_Material for this exercise:_
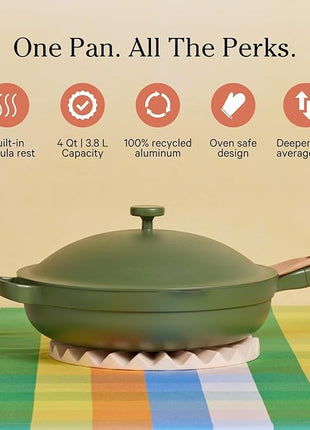 Our Place Large Always Pan 2.0-12.5” (4 Qt) Nonstick, Toxin-Free Ceramic Cookware | Patented 10-in-1 Aluminum Frying & Sauté Pan | Safe for Oven, Induction & All Cooktops up to 450°F | Sage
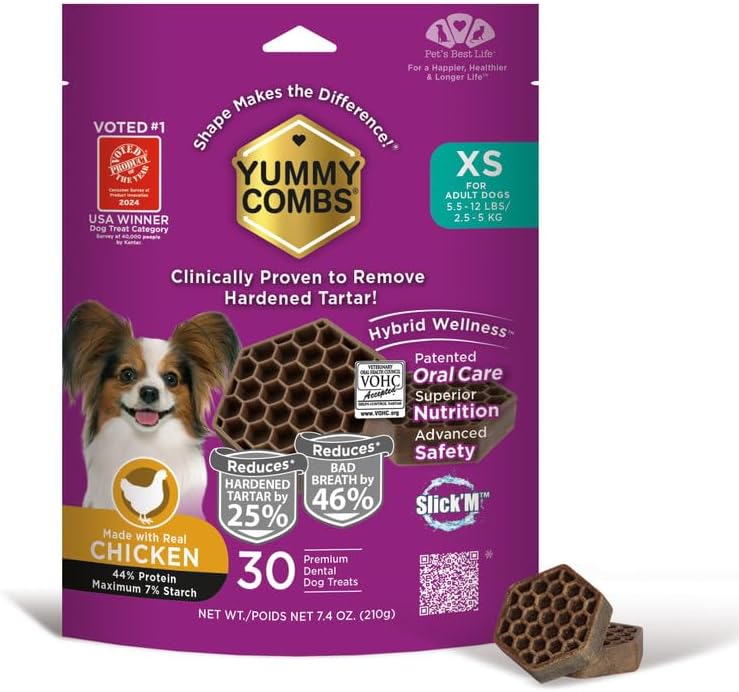 Yummy Combs Dog Dental Treats – Vet VOHC Approved, Removes Tartar & Cleans Teeth – Yummy High Protein Chicken Treat for Extra Small Dogs (Mini Pack, 30 Count) by YummyCombsDogDentalTreats
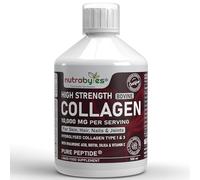 Collagen Liquid 10000mg, Hydrolysed Peptides - Hyaluronic Acid, Biotin, Silica, Vitamin C, Vitamin B12 - Healthy Skin, Hair, Nails, Joints, Muscles - Grass Fed Bovine - Liquid Collagen for Women & Men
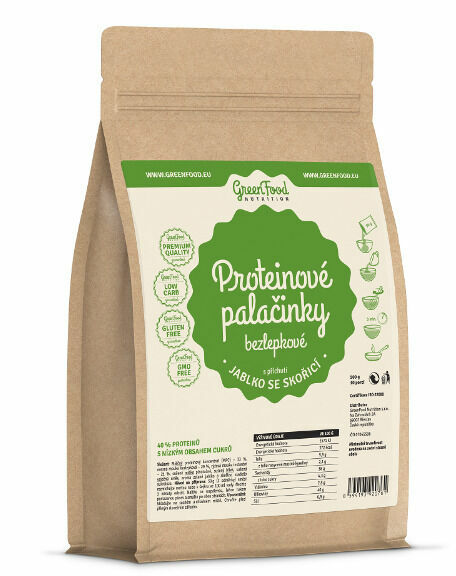 GreenFood Nutrition Proteinové palačinky bezlepkové jablko se skořicí 500g porovnat ceny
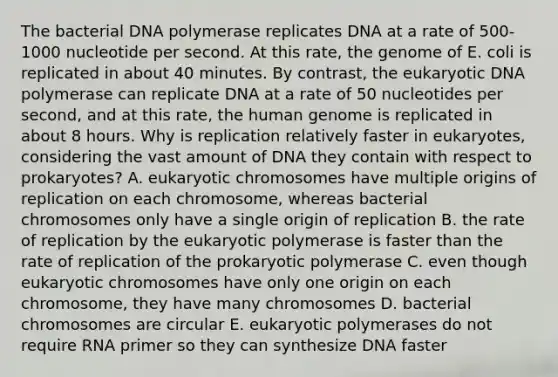 The bacterial DNA polymerase replicates DNA at a rate of 500-1000 nucleotide per second. At this rate, the genome of E. coli is replicated in about 40 minutes. By contrast, the eukaryotic DNA polymerase can replicate DNA at a rate of 50 nucleotides per second, and at this rate, the <a href='https://www.questionai.com/knowledge/kaQqK73QV8-human-genome' class='anchor-knowledge'>human genome</a> is replicated in about 8 hours. Why is replication relatively faster in eukaryotes, considering the vast amount of DNA they contain with respect to prokaryotes? A. eukaryotic chromosomes have multiple origins of replication on each chromosome, whereas bacterial chromosomes only have a single origin of replication B. the rate of replication by the eukaryotic polymerase is faster than the rate of replication of the prokaryotic polymerase C. even though eukaryotic chromosomes have only one origin on each chromosome, they have many chromosomes D. bacterial chromosomes are circular E. eukaryotic polymerases do not require RNA primer so they can synthesize DNA faster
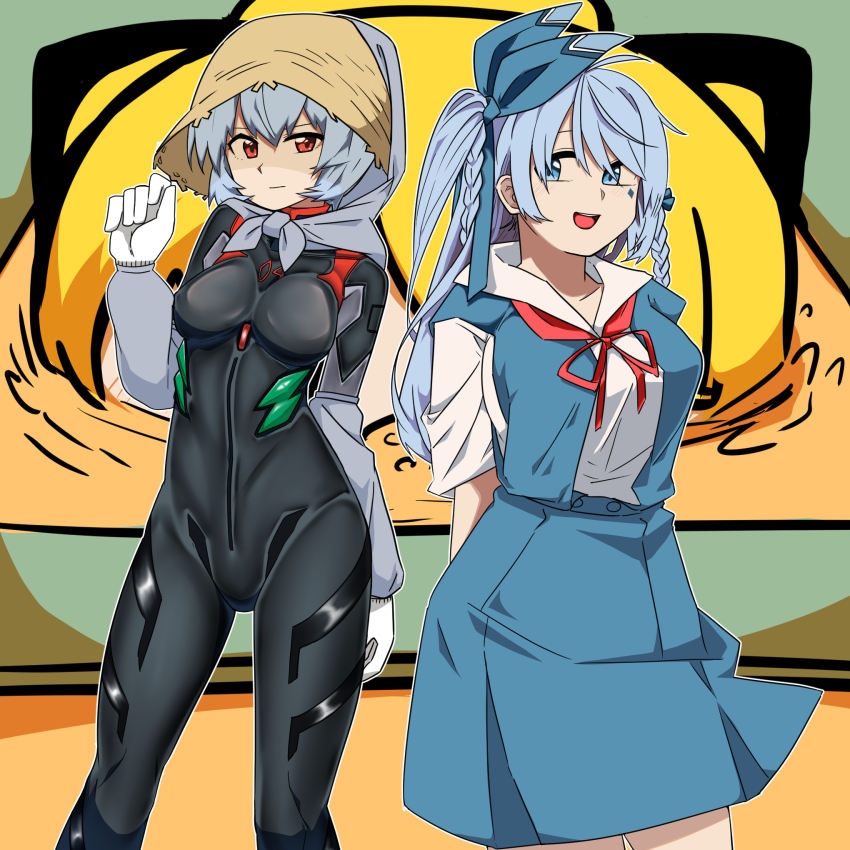 2girls 3girls ayanami_rei ayanami_rei_(cosplay) black_bodysuit blonde_hair blue_bow blue_eyes blue_hair blue_skirt blue_vest blush bodysuit bow braid breasts cloak closed_mouth commentary_request cosplay crossover detached_sleeves emma_hardy evangelion:_3.0+1.0_thrice_upon_a_time feet_out_of_frame gloves grey_cloak grey_sleeves hair_bow headgear highres hood hooded_cloak interface_headset_(evangelion) kurodani_yamame large_breasts long_hair looking_at_viewer mecha_pilot_suit medium_breasts multiple_girls neck_ribbon neon_genesis_evangelion one_side_up open_mouth plugsuit_(evangelion) rebuild_of_evangelion red_eyes red_ribbon ribbon rinyamame science_fiction shirt short_hair skirt smile touhou twin_braids vest white_gloves white_shirt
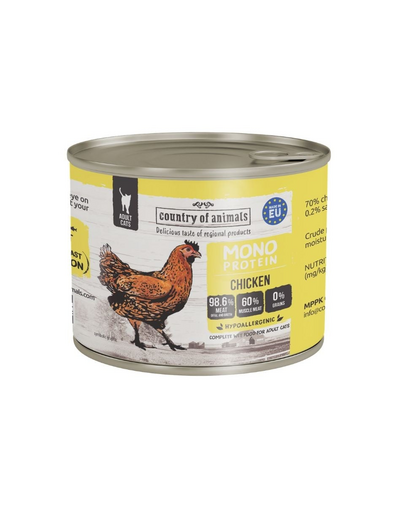 COUNTRY OF ANIMALS Cat Monoprotein Chicken 200g csirke, nedves macskaeledel
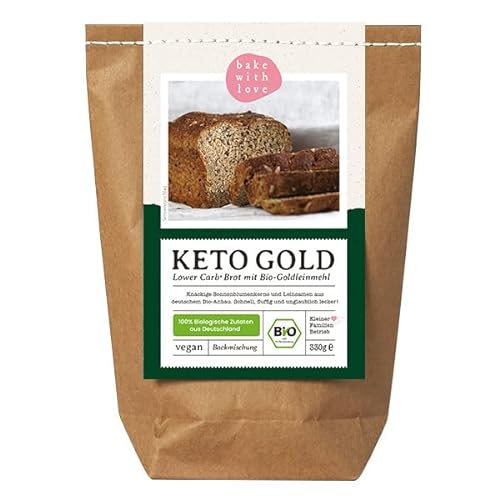 Bio Keto Lower Carb Brot Backmischung - Eiweiß-Brot-Alternative vegan kohlenhydratarmes Proteinbrot auch für Brotbackautomat Bake with Love (1er Pack) von Bake with Love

_Exercise requirements:_
While leaving pictures out, reproduce exactly the lines from the beginning of the listing above through the line containing "GreenFood Nutrition Proteinové", both ends included.

_Solution to the problem:_
 Our Place Large Always Pan 2.0-12.5” (4 Qt) Nonstick, Toxin-Free Ceramic Cookware | Patented 10-in-1 Aluminum Frying & Sauté Pan | Safe for Oven, Induction & All Cooktops up to 450°F | Sage
 Yummy Combs Dog Dental Treats – Vet VOHC Approved, Removes Tartar & Cleans Teeth – Yummy High Protein Chicken Treat for Extra Small Dogs (Mini Pack, 30 Count) by YummyCombsDogDentalTreats
 Collagen Liquid 10000mg, Hydrolysed Peptides - Hyaluronic Acid, Biotin, Silica, Vitamin C, Vitamin B12 - Healthy Skin, Hair, Nails, Joints, Muscles - Grass Fed Bovine - Liquid Collagen for Women & Men
 GreenFood Nutrition Proteinové palačinky bezlepkové jablko se skořicí 500g porovnat ceny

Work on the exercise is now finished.